Como já vimos acima, talento sequer é um atributo levado em consideração pela Academia, já que, para receber uma indicação, basta seguir uma série de diretrizes técnicas (drama-motivacional-de-época-patriota…). Você pode argumentar que filmes como Straight Outta Compton e Um Homem Entre Gigantes , estrelados por atores negros e pautados por temas raciais, não são “bons” o bastante para concorrer com Mad Max e O Regresso em 2016, já que estes são filmes muito mais primorosos tecnicamente. Mas Spotlight: Segredos Revelados é um concorrente a altura do Oscar? Brooklyn é? Sem diminuir o valor desses filmes, é óbvio que eles estão ali para preencher vagas, e não por seus méritos. O que motiva a indicação de um filme ao Oscar não é qualidade, mas representatividade, ou o quanto os membros votantes da Academia se relacionam com os personagens e as tramas expostas na tela grande. E em matéria de representatividade diversa, a Academia tem falhado miseravelmente.

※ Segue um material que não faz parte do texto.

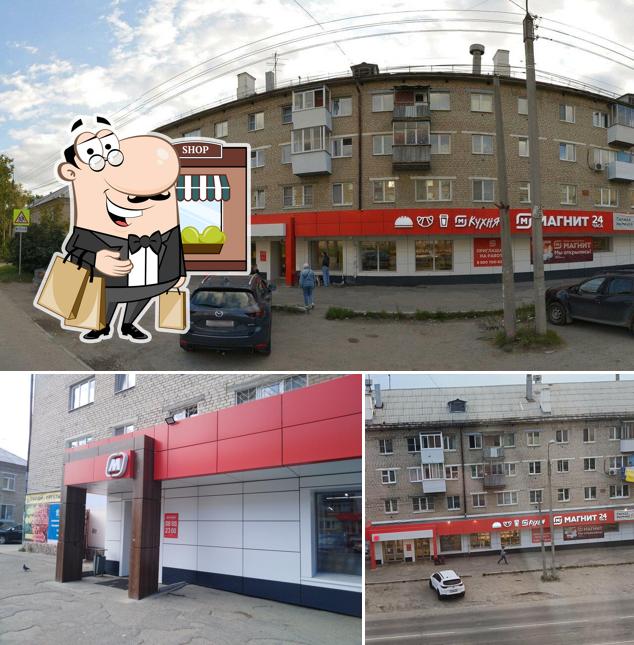 Магнит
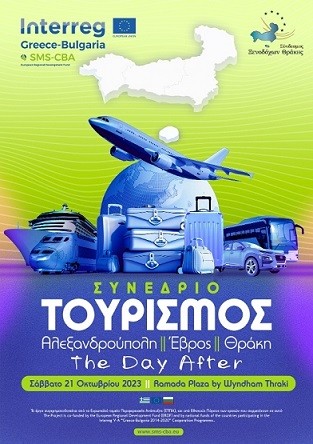 <strong>Διεθνές συνέδριο τουρισμού για την επόμενη ημέρα στη Θράκη</strong>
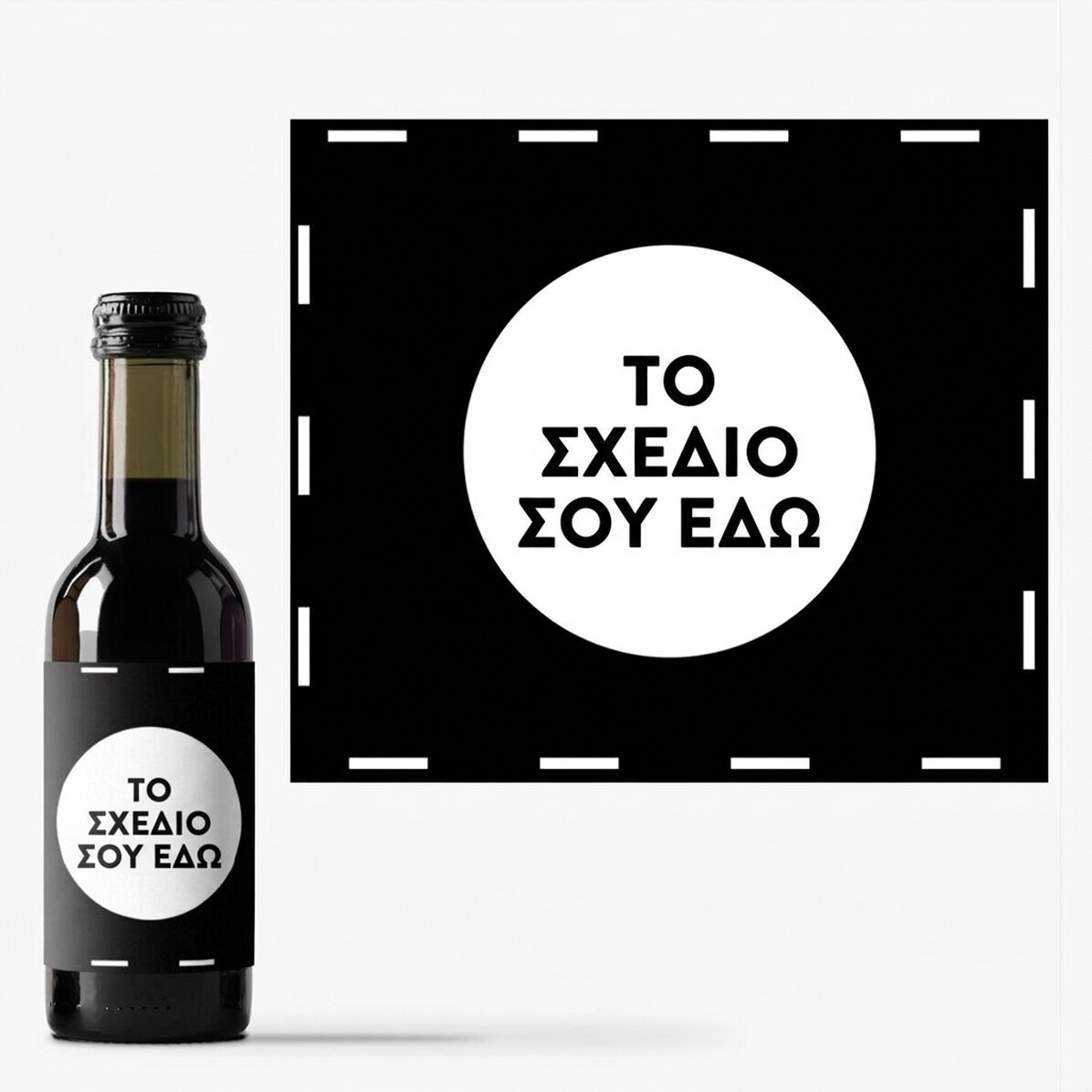 Μικρό μπουκαλάκι κρασιού, εξατομικευμένο με το δικό σου σχέδιο
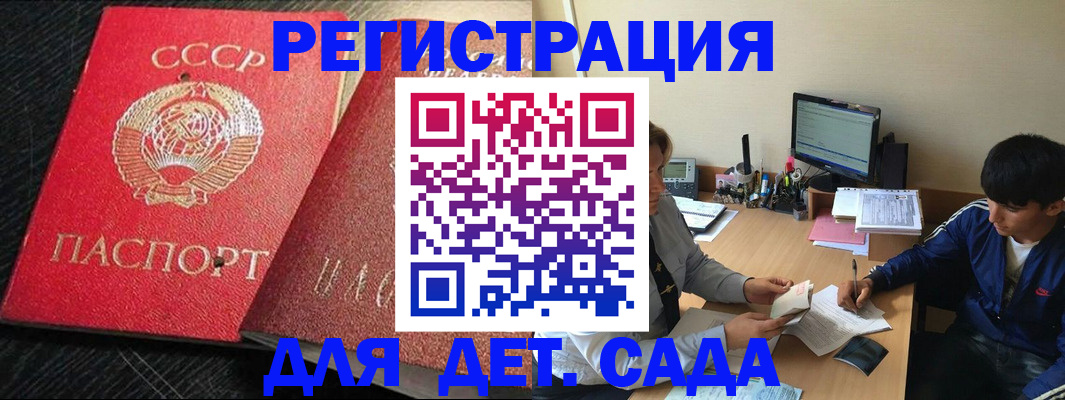 временная регистрация надежно в Канске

Como a história do garoto que ficou animadíssimo com um boneco do Finn, de Star Wars, por ser “pretinho igual a ele” (clique aqui se não sabe do que estou falando), permitir que diferentes públicos se sintam representados na tela do cinema é muito importante para a valorização da identidade desses públicos. O cinema deve ser inclusivo, aceitar heróis e também heroínas, de múltiplas etnias e origens; deve contar histórias sobre quando o racismo fazia parte dos fundamentos da sociedade ocidental (12 Anos de Escravidão), sobre o surgimento das questões de gênero (A Garota Dinamarquesa), o papel da mulher em um mundo dominado por homens (Mad Max: Estrada da Fúria), as guerras esquecidas na África (Beasts of no Nation) e a desigualdade social na América Latina (Que Horas Ela Volta?), entre outros temas sensíveis para a famigerada “elite branca”. O Oscar pode ser uma importante ferramenta nessa luta pela representatividade na cultura pop, mas não tem sido usado com essa finalidade.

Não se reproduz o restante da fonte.